Bringing Out the Best in One Another

“Because of you, I can feel myself slowly but surely
becoming the me I have always dreamed of being.”

- Tyler Knott Gregson
 

Although we may read the quote above and think it’s something only felt between the two main characters of a romance film, research has actually found this to be a true experience known as the Michelangelo Phenomenon. This model suggests that close partners bring out the best in each other through a process of promoting one another’s ideal self goals, sculpting one another’s selves and shaping one another into the best versions of themselves (Rusbult, Finkel, Kumashiro, 2009).

The fact is that we all have ideal selves, selves that embody dreams, aspirations, and characteristics we wish to acquire. In fact, it is these ideal selves that give us direction and propel our desire to grow in order to reach our potential and become who we have always dreamed of being (Rusbult et al., 2009). The process of reaching our aspirations is very relational in nature; in other words, interpersonal experiences and relationships support us in shaping ourselves such that we interact with others in ways that respond to our needs and expectations. Furthermore, when we affirm one another and move toward our ideal selves, evidence suggests that we experience greater levels of well-being, life satisfaction, and even psychological health. Additionally, with an ally in the process, we also experience greater levels of partner well-being, adjustment, and persistence.

Although the Michelangelo Phenomenon is most often associated with close partners, it can also be seen in the context of workplace relationships. Knowing that “growth striving is a primary human motive,” it is safe to say that even within the workplace, we are striving to grow, develop, and reach an ideal self - whether through acquiring a new skill-set or getting promoted to the C-suite level of the organization (Rusbult et al., 2009, p. 306). In this way, whether we’re CEOs, managers, subordinates, or teammates, there will always be an ideal we’re striving to achieve and someone who can support us in the process. At the same time, the person providing the support will also be striving for an ideal of their own. According to the Michelangelo Phenomenon, the process of achieving our goals and becoming our best selves can be optimized through the relationships we have at work with others.

So, what can you do to bring the Michelangelo Phenomenon to life?

  • First, think of someone with whom you have a positive relationship characterized by frequent interactions, trust, mutual dependency, and benevolence. You must understand not only each other's’ ideal selves and goal pursuits, but also each other's’ current selves, comprised of strengths and weaknesses.
  • Second, have a conversation about what possibilities are present, where you each see room for growth for yourselves and each other, and what pathways are present to reaching your ideal selves. This requires each of you to be open to giving and receiving feedback.
  • Third, affirm each other’s ideal selves by recognizing progress in goal achievement while also verifying each other’s actual selves and understanding what current characteristics each of you possesses that can be used to achieve your ideal self goals (Rusbult et al., 2009).

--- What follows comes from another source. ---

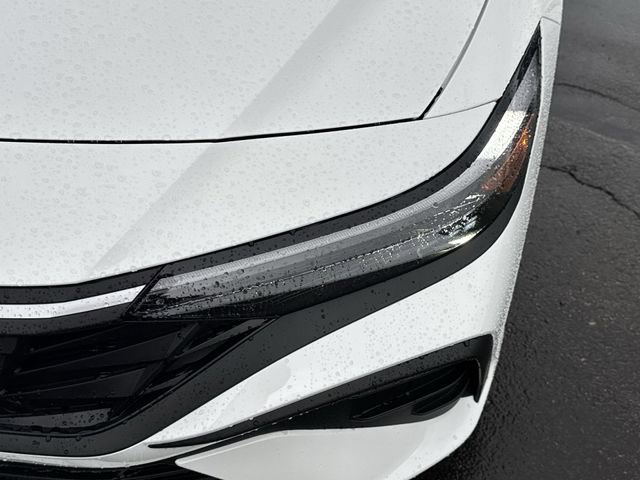 New 2026 Hyundai Elantra Blue image 34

A professor once told me that as a manager, the most important conversation you can have with your employee is one in which you discuss what job they want next. As shocking as this thought initially was, I think it brings the Michelangelo Phenomenon to life by acknowledging the importance of knowing what the people around you are striving to achieve, who they are aspiring to be, and how you can support them in becoming who they’ve always dreamed of becoming. This not only shows your care and concern for the other person, but also shows that you are willing to provide opportunities for growth and development that each of us innately seek.

 

References

Rusbult, C. E., Finkel, E. J., & Kumashiro, M. (2009). The michelangelo phenomenon. Current Directions in Psychological Science, 18(6), 305-309.